HC Deb 26 March 1885 vol 296 c656

asked the Under Secretary of State for the Colonies, Whether his attention has been called to the letters by Correspondents of The Times and The Standard, pointing out the value of the trade with districts north of Bechuanaland up to the Zambesi, and especially to the following statement:— The countries of the interior, called Matabeleland and Mashuanaland, stretching to the Zambesi, are fertile and well watered, infinitely more valuable than the more settled country to the South. It is a fact that those countries abound in mineral wealth, and in products from which we may look in the future to an enormous increase of our Cape trade. Their products will in the future find their way to the outer world by the South. The Transvaal is putting out feelers, and already a number of Boers are endeavouring to establish themselves in Mashuanaland, entering that country by way of Zoutpansberg. A bold policy in the present, a protectorate proclaimed to the Zambesi, would be a simple matter now. It would entail but little expense, it would curtail the power of the Boers, and would give no pretext for German opposition; and, whether, in order to secure this promising trade for British colonists and British manufactures, and to produce profitable results from the present expedition to Bechuanaland, Her Majesty's Ministers will encourage in every possible way the construction of a Railway from Kimberley to the Zambesi?

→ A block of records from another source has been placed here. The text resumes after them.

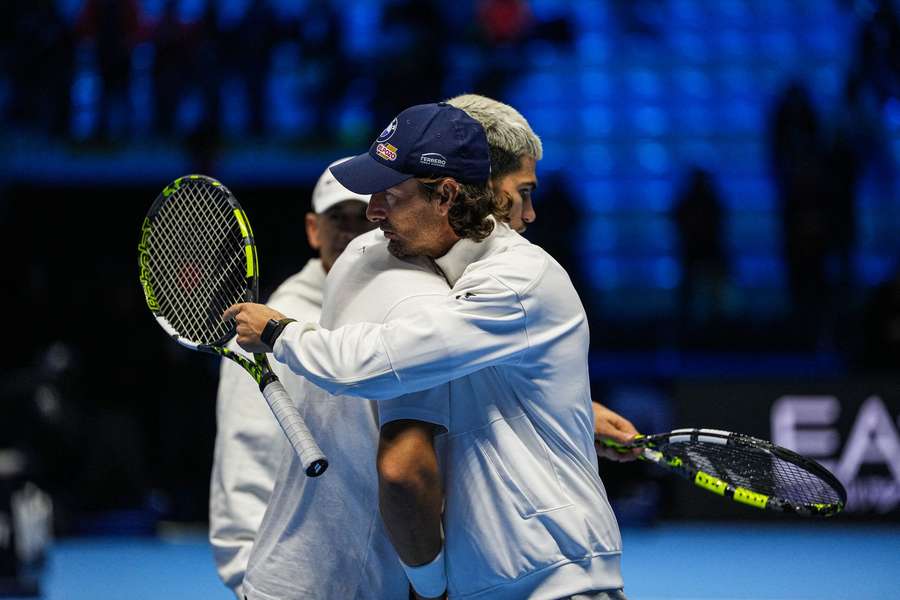 Juan Carlos Ferrero (right) during a training session with Alcaraz (left) in November 2025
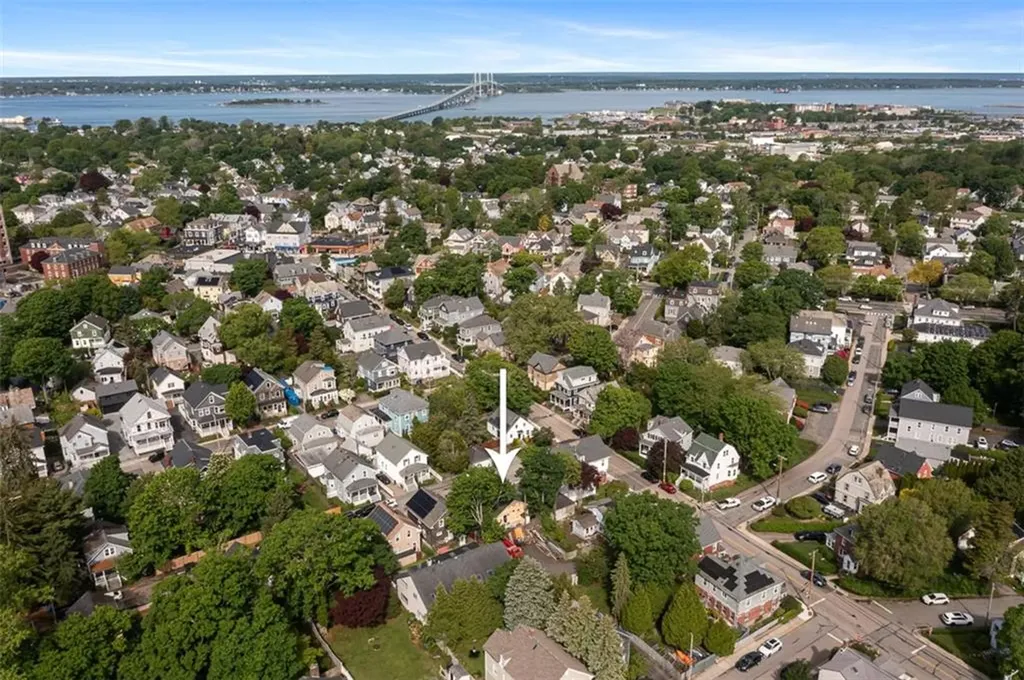 4 Findlay Place Newport RI 02840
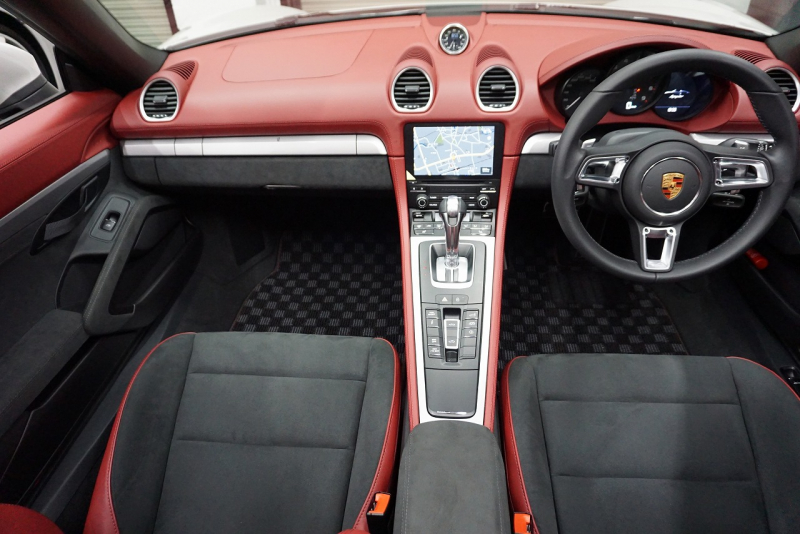 ポルシェ 718スパイダー (Type718)Spyder PDK スパイダークラシックインテリア LEDヘッドライト  中古車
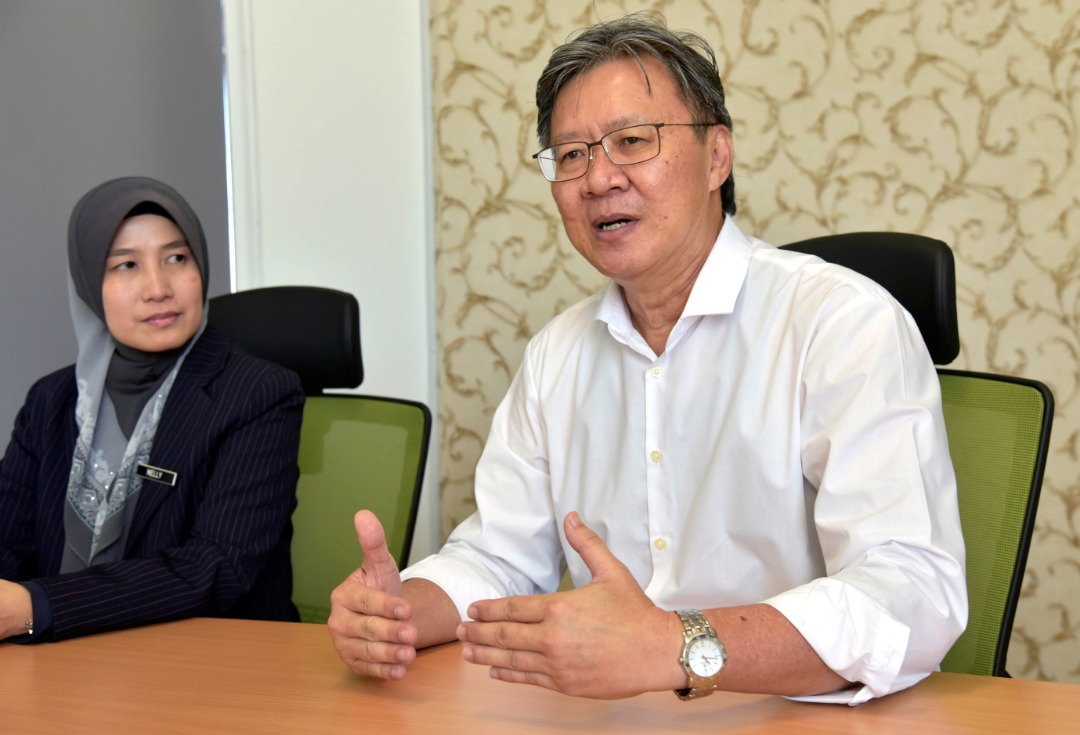 Wong (kanan) dan Ketua Perpustakaan Wilayah Tanjung Aru, Nelly Green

The hon. Member, if he will allow me to say so, is a little in advance of his age. The distance as the crow flies between Kimberley and Victoria Falls, the nearest point on the Zambesi, is 750 miles; and taking £6,000 a-mile as a very moderate estimate for the construction of a railway, without deviations, the cost would amount to very nearly £5,000,000. The hon. Member must therefore see that this is clearly a question for the future, and not for the present.


said, that he would admit the truth of the hon. Member's imputation, if the words "Her Majesty's Government" were substituted for the word "ago."